Tschaikovsky then lived with the tsar’s distant relative in Bavaria, where Tsarina Alexandra’s brother hired a private detective to investigate.
Ace PI Martin Knopf correctly concluded Anna was really Franziska Schanzkowska, a young woman whose fiance was killed in the front line of WWI and who had almost been killed in a munitions factory accident which left her injured and unstable.
After spending time in two asylums during the war, Schanzkowska was last spotted in Berlin in early 1920. This was just before her suicide attempt in the canal, at which point the ruse began.
Knopf brought in Schanzkowska’s brother Felix to confirm his suspicion. Felix said the resemblance was striking, but refused to confirm nor deny whether it was his really his sister.
Many years later, the Schanzkowska family admitted Felix had lied to protect his vulnerable sister’s newfound livelihood. He knew all along it was really her.
This protection by Franziska’s family became crucial during WWII when she was living in Germany.
If the Anastasia impersonator was known to be Polish, she would have been shipped off to a concentration camp, or possibly murdered alongside many mentally ill Holocaust victims.
The cover-up by Felix and the rest of the Schanzkowska’s saved the young woman’s life.
Now going by the name Anna Anderson, Franziska spent much of the rest of her life in America, funded partly by iconic Russian composer Sergei Rachmaninoff.
She finally moved to the US permanently in 1968, aged 72, with the support of Tatiana Melnik’s younger brother Gleb after once again suffering a mental breakdown in Germany.
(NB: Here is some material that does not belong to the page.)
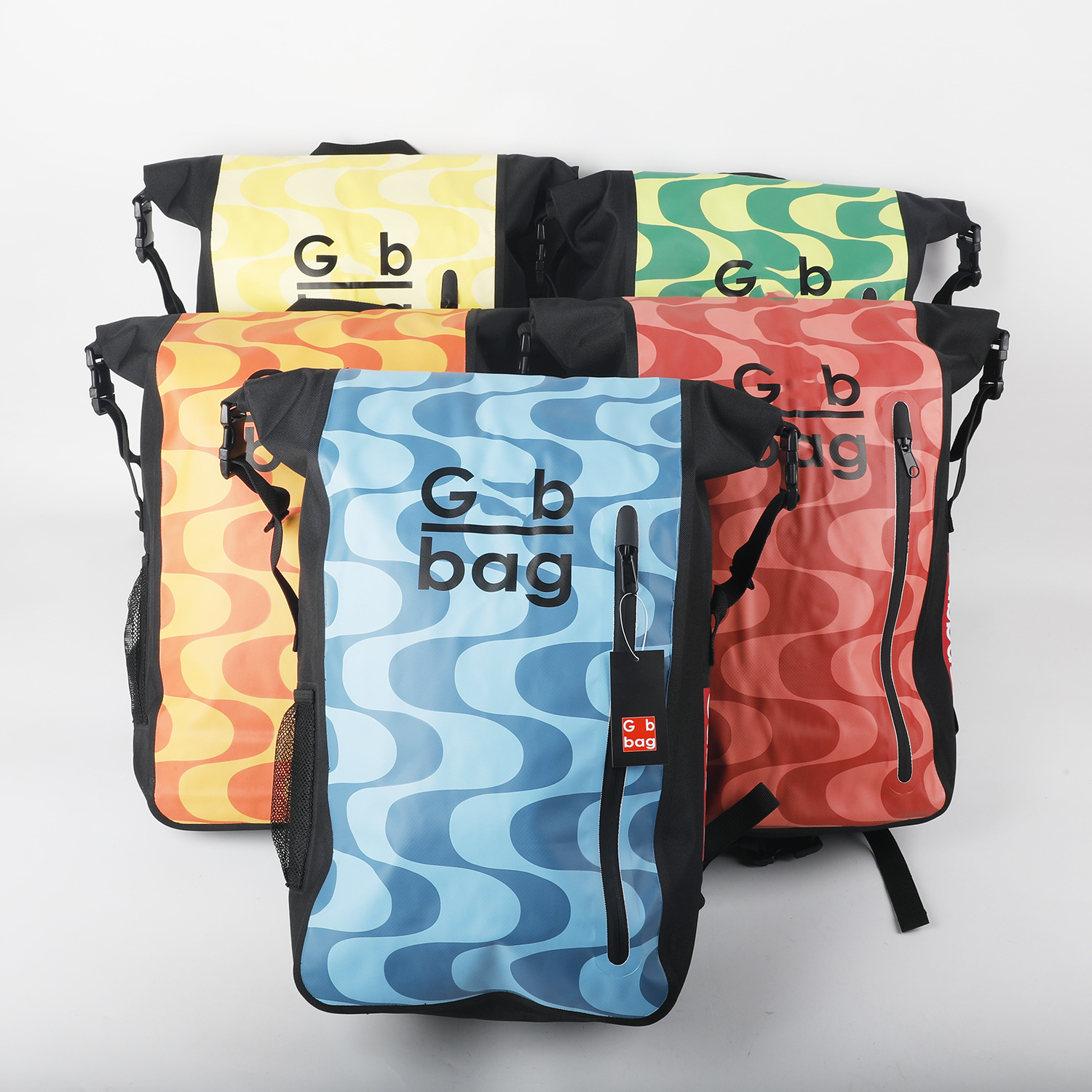 PVC Waterproof Drifting Dry Bag Backpack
Anderson even married history professor Jack Manahan, 20 years younger than her, in 1968 to extend her visa.
After Gleb died in 1970, Manahan and Anderson lived out their twilight years in suburban Virginia as a couple of whacky eccentrics.
They were known to own dozens of pets and live in chaotic circumstances, but had amassed enough money to be comfortable.
In the late 70s, by this point in her early 80s, Anderson was constantly unwell and depended on the devotion of her husband. When she was taken to hospital, he even broke her out so they had a few days driving around together and eating at gas stations.
In 1984, she had a stroke and died of pneumonia aged 87. Manahan died 6 years later.
Though lawsuits had sought to prove Anderson wasn’t Anastasia for most of her life, none ever succeeded.
But when the Soviets finally admitted the whereabouts of the Romanovs’ bodies in the late 1980s, their DNA was compared to a sample taken from Anderson during gut surgery. No matches were found.
Anna’s was found to match a distant relative of the Schanzkowska’s, proving once and for all she was Franziska all along.